1st Week of Lent: Temptations Challenge Compassion

Lent 2010

This is the first article in a series of Suggested Lented Practices for 2010.

Lent 2010: A Journey into the Compassion of God

Scripture tells us that God is the Source of Compassion, one who understands our suffering and desires to do something about it – and who sent Jesus to show us the way through suffering and death to fullness of life. This Lent we will journey together into the compassion of God.

Spiritual Practice: All the community is invited to enter into Lent with a particular spiritual “practice.” Before we offer small suggestions for common practice, it’s important that each of us make our individual, unique commitment. What will help you be mindful of the Spirit’s leading and attentive to the compassion of God in your life this lent? The traditional tools of our faith are:

  • prayer (communing with God),
  • fasting (doing without to be mindful of true value or in solidarity with those who have no choice in their “fast”) and
  • almsgiving (doing good for others, especially the most in need).

Choose your personal Lenten practice(s) and begin this week.

Lent Reflection Week 11st Week of Lent – Justice Intersections, for further reflection:

A particular perspective: Those who stand in hope of justice and mercy... Workers who are treated unjustly, especially “alien” workers, hear in this story a reflection of their own suffering, and a hope for God’s delivering justice.

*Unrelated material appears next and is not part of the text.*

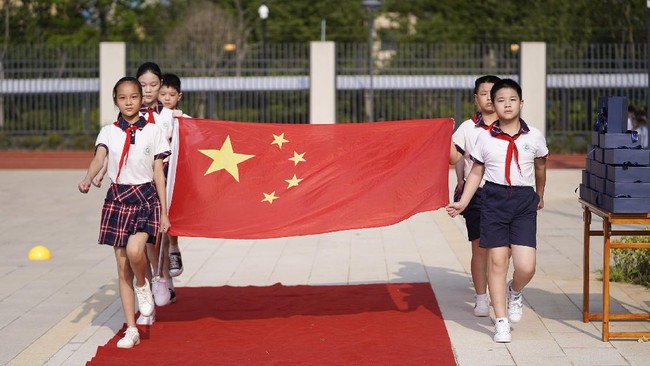 Ekonomi China sempat minus setelah pandemi corona. Namun, China berhasil memutarbalikkan kondisi di tengah kejatuhan negara-negara lain ke jurang resesi.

  • Scriptural Reference: Reading 1: The Egyptians maltreated and oppressed us, imposing hard labor upon us...
  • Church Teaching/Faith Connection: Rights of workers to organize for just wages and conditions
  • Spiritual Practice of Compassionate Solidarity: Take these concrete realities into prayer, through use of the imagination. Imagine the physical and emotional experience of this particular suffering, those workers treated unjustly, without respect a well as without adequate pay. Pray in solidarity with those who at this moment are suffering in this way.
  • Intersection with my own journey: In my own experiences of injustice, how do I find hope in God’s promise of deliverance?